* **REQUIRED ACTION**: From the material below, return exactly the lines starting at the one that holds "Fototapeta na wymiar" and ending at the one that holds "прущие грибы Каменск-Шахтинский". Pictures stay out of the answer.

* **INPUT RECORDS**:
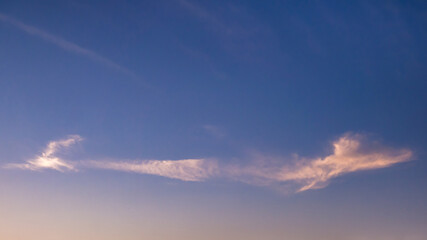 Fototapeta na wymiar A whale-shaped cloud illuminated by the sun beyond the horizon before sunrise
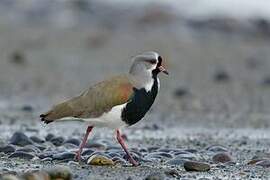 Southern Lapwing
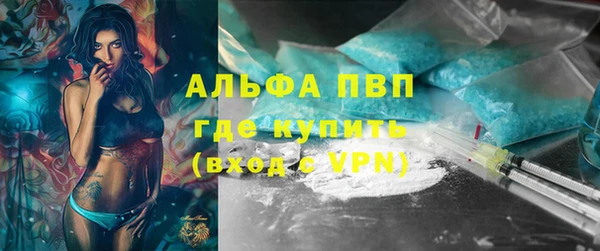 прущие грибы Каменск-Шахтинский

* * *

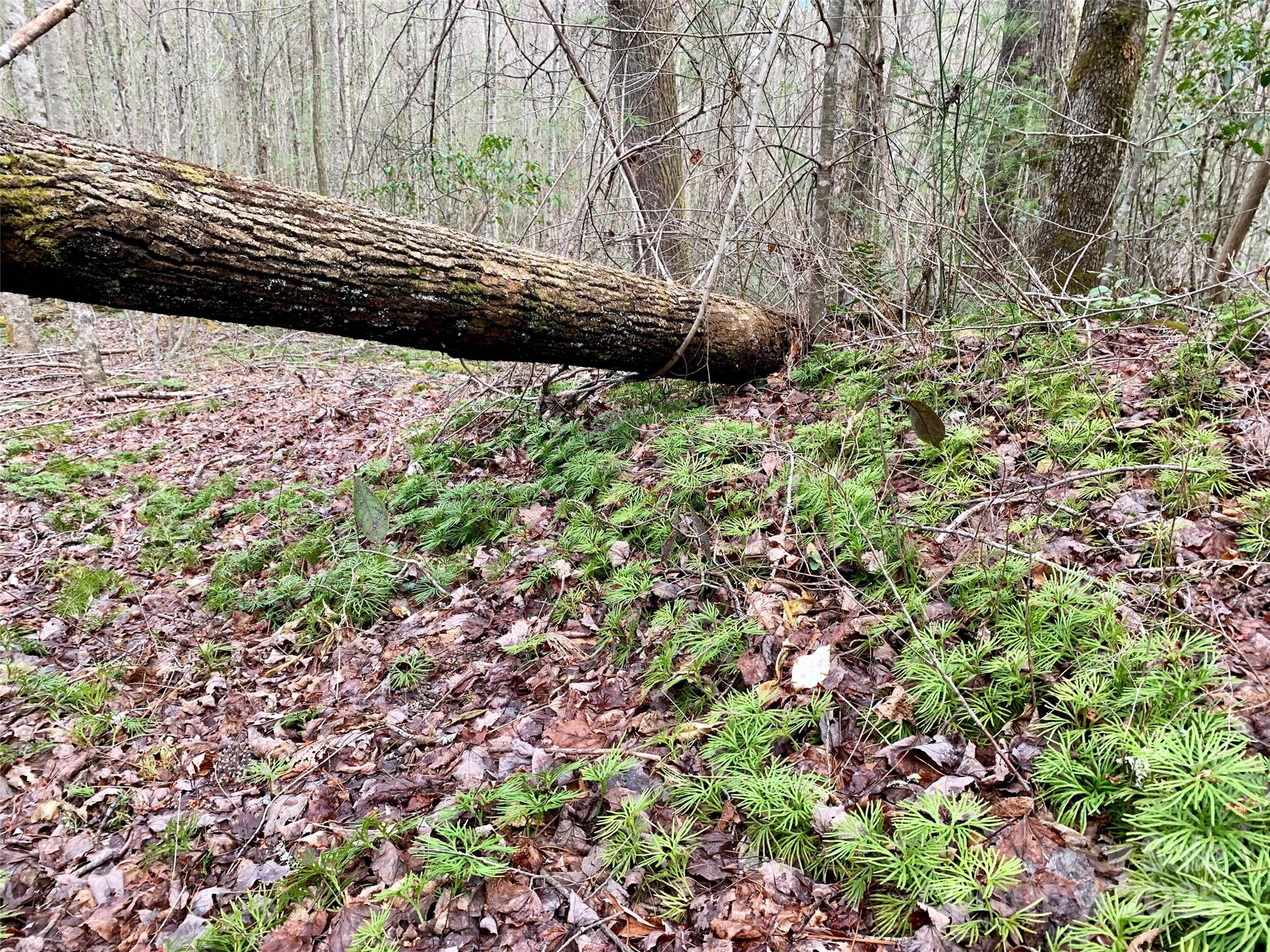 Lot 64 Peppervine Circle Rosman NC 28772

...

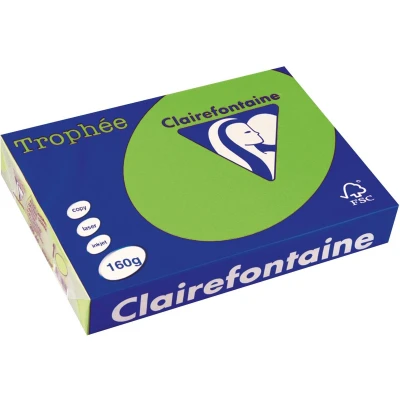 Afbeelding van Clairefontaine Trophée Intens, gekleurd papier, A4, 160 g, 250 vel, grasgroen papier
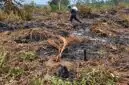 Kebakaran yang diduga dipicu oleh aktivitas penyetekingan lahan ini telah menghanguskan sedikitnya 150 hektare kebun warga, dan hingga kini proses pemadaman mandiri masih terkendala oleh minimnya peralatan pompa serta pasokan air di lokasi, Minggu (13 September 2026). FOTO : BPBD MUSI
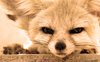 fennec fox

* **WRITTEN RESPONSE**:
 Fototapeta na wymiar A whale-shaped cloud illuminated by the sun beyond the horizon before sunrise
 Southern Lapwing
 прущие грибы Каменск-Шахтинский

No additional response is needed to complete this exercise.